# Thanks to all and one piece of advice for new posters



## kingsfan (Jun 4, 2012)

Firstly, I'd like to say thanks to all of the posters I've spoken with over the years on TAM. Most are very helpful and insightful and have the best of intentions at heart. You guys/gals are great, and I hope you keep it up.

I have been posting here a fair bit but have dropped back to being more of an observer the last year or so. Still, great info and advice most of the time, glad to see it's being kept up.

To any new posters, I offer one piece of advice before you go forward into trying to solve your sexual issues in your relationship/marriage. Be sure you have a partner who wants to solve them as well.

And I mean really be sure. Not just says they want to but actually puts forward the effort as well. Anyone can say they want to, but if you truly want something you work toward achieving it and make an honest effort to do so.

Anything in marriage, whether it be finances, children, sex, whatever, it all should be viewed from a team concept. There is two people on this team, so if one of you isn't wanting to work to improve the situation then that means 50% of the team isn't working toward that improvement. No team can improve with only half of it making a full effort to do so.

That doesn't mean there's something wrong with your spouse, and your partner shouldn't be thrown under the bus, they certainly can still care about you a lot as a whole, but there's also little point in working toward achieving a goal that requires both people to put in substantial effort when only one of you have a definitive interest in doing so.

Reading through so many posts, there is a lot of frustration on these boards from posters who have said "I tried X, Y and Z, and then tried Q and S as well and it didn't help." That's likely because your partner just isn't interested in sex, or interested in sex with you.
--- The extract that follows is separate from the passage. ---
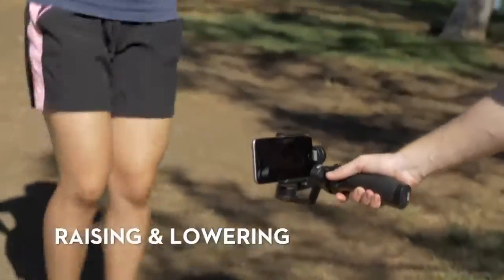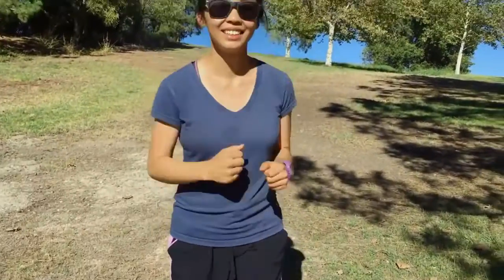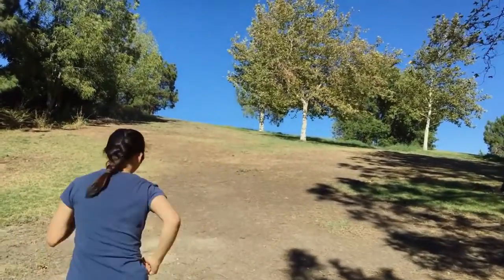Raising and Lowering. Start low or high on your subject, and move the camera gently in the opposite direction without tilting.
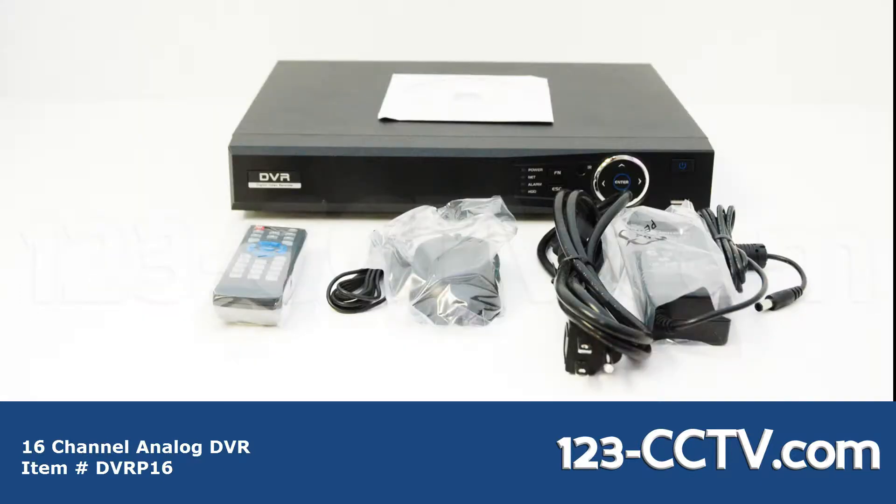Included with the DVR in the accessory box you have the 12 volt DC power supply, CD manual, and hard drive mounting hardware. However, if you purchase this DVR to include a hard drive, we will install it for you. You also have your mouse and remote.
Until your partner comes around and wants to make things better, there's not much point digging to deeply on these boards. Solve that issue first, because that is the real root problem. If your partner equates having sex with you to doing a load of laundry or reshingling the roof, it doesn't matter how much you study up on giving good oral or doing the reverse cowgirl. It may help briefly, but you'll quickly return to square one. Get him/her to want to improve the sex life, then work on improving it.

Easier said than done I know, but it's best to focus your energy on the solution than on finding a band-aid.


----------



## chillymorn (Aug 11, 2010)

Easier said than done!


----------



## askari (Jun 21, 2012)

Very wise words. 
Team work is vital.

We live in a country where manicures/pedicures are a normal atleast once a month.
My wife and 12 year old daughter had a manicure/pedicure this morning. 
I specifically said that I did not want our daughter to have any nail varnish other than clear or a very pale, subtle colour indeed.

She come home with bright red finger nails and bright green toenails. 
My wifes response - she's on holiday (from school). 
She looks like a tart.

Team work? yeah right. My wife probably did it just to pi$$ me off.

One of the many reasons I have no time for her.


----------



## john117 (May 20, 2013)

The nail polish colors are fine - she's 12! 

Unless you live in a non enlightened part of the world...


----------



## Lyris (Mar 29, 2012)

My 7 and 4 year old play with bright nail polish all the time. 

She looks like a tart? Because of her nail polish? I don't see how that's possible.


----------



## sinnister (Dec 5, 2010)

Its up to aksari to feel how he feels about his daughters nails. Who's to say which part of the world is more enlightened than another? It's all about perspective.

What I feel is a gross overreaction he may feel is an underreaction.

OP - great advice.


----------



## Kari (Feb 17, 2012)

kingsfan, how about an update? Did you marry your fiancé? Did things improve?


----------



## I Notice The Details (Sep 15, 2012)

kingsfan said:


> Firstly, I'd like to say thanks to all of the posters I've spoken with over the years on TAM. Most are very helpful and insightful and have the best of intentions at heart. You guys/gals are great, and I hope you keep it up.
> 
> I have been posting here a fair bit but have dropped back to being more of an observer the last year or so. Still, great info and advice most of the time, glad to see it's being kept up.
> 
> ...



KingsFan, this is great advice and VERY well said! Thank you for sharing. :smthumbup:

I have found your words to be so true in life....change in people only happens when they themselves WANT to change. It comes from a need or want within themselves. Sometimes we can help uncover that need or want, but ultimately it has to be their decision to WANT to change. 

Larry Winget says that people usually change when they get uncomfortable with themselves. Unfortunately, it sometimes takes something big to happen to make someone uncomfortable: One of his many examples is with people who smoke. Many times people want to stop smoking, they know the dangers of smoking, but they only take action and CHANGE once they get diagnosed with cancer....only then do they get serious and do it.

Another example he mentions....people want to eat healthy, they know the dangers of eating high fat foods every day, but they only take action and CHANGE once they have a heart attack....only then do they get serious about it.

I have read so many stories on TAM about spouses that have had to walk out and head toward a divorce before the other spouse realizes a change is needed. It is only then that they get serious and do it. Isn't it a shame that some people need such a dramatic wake up call to take action in their life? 

Thanks again for your awesome post Kingsfan. I will print it out and teach this very important lesson to my son.


----------



## Interlocutor (Dec 29, 2011)

john117 said:


> The nail polish colors are fine - she's 12!
> 
> Unless you live in a non enlightened part of the world...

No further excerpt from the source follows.